Boston Celtics president of basketball operations Danny Ainge said nothing in his team's war chest of assets is untouchable at this year's trade deadline, but cautioned that the team puts an extremely high value on the picks and young players in its possessions.
During an appearance on Boston sports radio WEEI, Ainge explained that Boston cannot deem anything untouchable -- including the unprotected first-round pick it will receive from the Brooklyn Nets -- because all options must remain open in the team's quest to return to legitimate contender status.
"There’s obviously a lot that I don’t want to touch, more than others," Ainge said. "Realistically, until we get to a point where we’re competing for a championship, we can’t have a mentality that we won’t listen to every conversation and every idea."
Pressed on whether that would include this year's Brooklyn pick, Ainge didn't hesitate with his response.
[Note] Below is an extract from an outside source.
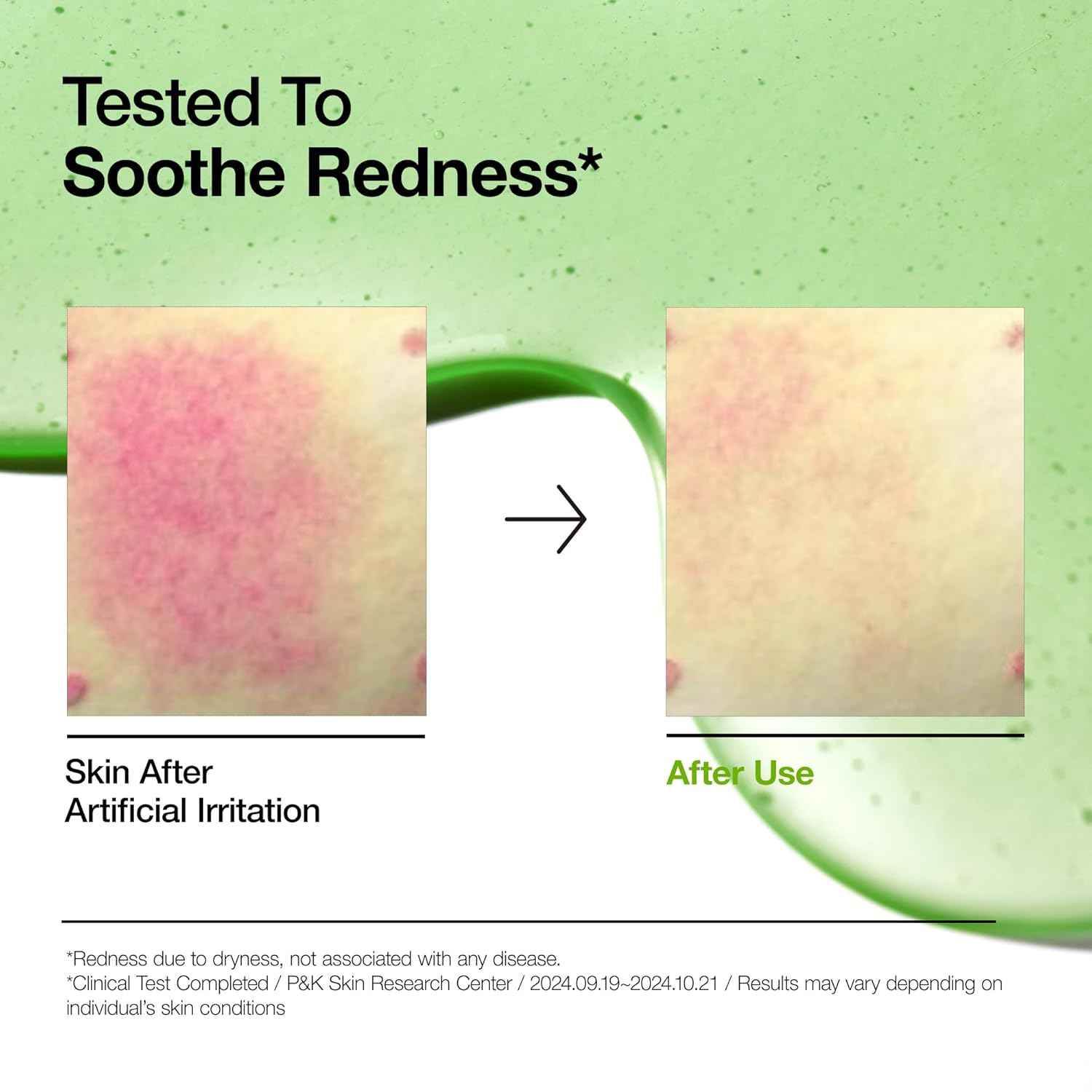 Anua Azelaic Acid Redness Soothing Serum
"Sure. The Brooklyn pick could be had for the right [price]," Ainge said. "It’s going to be a costly price, as it would be for some of our best players. Look, we’re not looking to trade the Brooklyn pick, but at the same time, I could certainly see some things that we would do for the Brooklyn pick. And they wouldn’t be taking risks.
"We value [the Brooklyn pick]. Even the chance, even a small chance to get a very talented player is worth [keeping the pick] because you have some chance. And you can’t just give up a chance to get a really good player unless [it's] for another really good player. ... It would have to be, certainly, a very good player. And also it probably wouldn't be someone in their 30s. That would have to be a good young player because again, even if we had a 5 percent or a 10 percent or a 15 percent chance at one of the top picks in the draft, that’s worth keeping."
The Nets currently own a 12-38 record, the third-worst mark in the league. According to projections by ESPN's Basketball Power Index, the Nets pick currently projects at a 15 percent chance at being the top overall pick, a 45.2 percent chance at being in the top three and a 91.7 percent chance at being in the top five.
The Celtics reportedly have been "quietly aggressive" in advance of this month's trade deadline, though both Ainge and coach Brad Stevens have downplayed the early batch of rumors surrounding the team.
Ainge, as he's done in the past, noted during Thursday's radio appearance that he'd like to add another "closer," a player who can help shoulder the scoring load alongside All-Star Isaiah Thomas during the crunch-time situations that Boston has struggled with at times this season.
During both his appearance on WEEI and his weekly call to Boston sports radio 98.5 the Sports Hub earlier in the day, Ainge admitted it was unlikely that the Celtics would move top assets in a situation to land a potential rental player on an expiring deal. But Ainge also didn't rule out the possibility of chasing a player who could help Boston now and roll the dice with re-signing him this summer, particularly if it came at a low cost.
The Celtics stand a season-best seven games over .500 at 29-22 entering Friday's visit to the East-leading Cleveland Cavaliers. Boston has climbed into a tie for the No. 3 seed in the East with the Atlanta Hawks. According to BPI, the Celtics project to win 48 games and land the third seed. BPI currently projects Boston with a 63.1 percent chance to advance to the East semifinals and a 29.7 percent chance at the conference finals.
Ainge, who acquired Thomas at a low cost last February, is examining potential upgrades at this year's trade deadline, all while patiently waiting to land the franchise player who might push his team back to the championship contender status.
The Celtics own as many as eight picks in this year's draft, including what's likely to be three first-round picks and five second-round selections.